TheGuyWhoCodes · 4 years ago

that's always a risk when using local drives and needing to rebuild when a node dies but I guess they can over provision in case of one node failure in cluster until the cache is warmed up

Edit: Just wanted to add that because they are using Persistent Disks as the source of truth and depending on the network bandwidth it might not be that big of a problem to restore a node to a working state if it's using a quorum for reads and RP >= 3.

Resorting a Node from zero in case of disk failure will always be bad.

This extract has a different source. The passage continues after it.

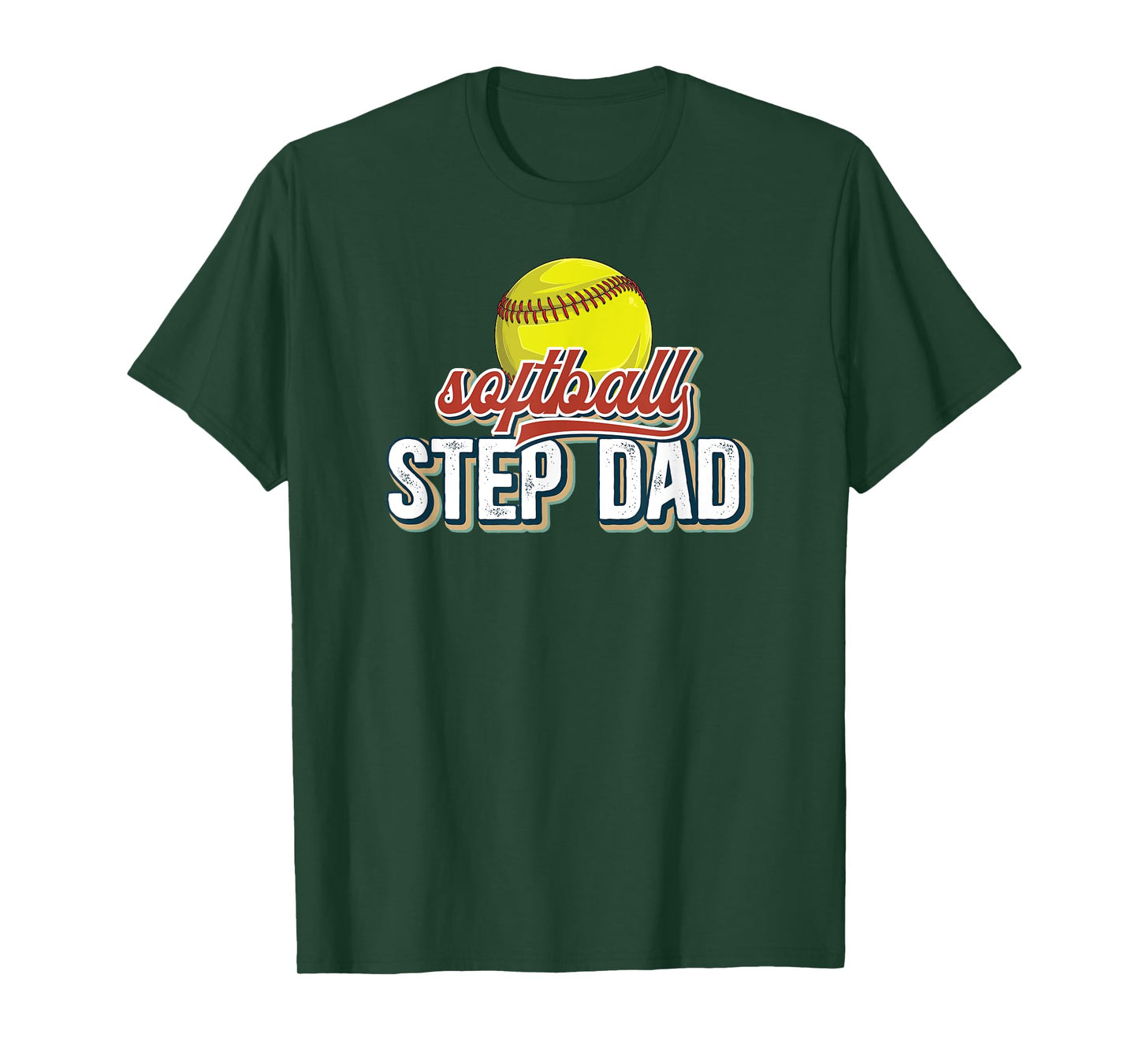 Softball Step Dad Of A Softball Player Stepfather T-Shirt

They could also have another caching layer on top of the cluster to further mitigated the latency issue until the nodes gets back to health and finishes all the hinted handoffs.

jhgg · 4 years ago

We have two ways of re-building a node under this setup.

We can either re-build the node by simply wiping its disks, and letting it stream in data from other replicas, or we can re-build by simply re-syncing the pd-ssd to the nvme.

Node failure is a regular occurrence, it isn't a "bad" thing, and something we intend to fully automate. Node should be able to fail and recover without anyone noticing.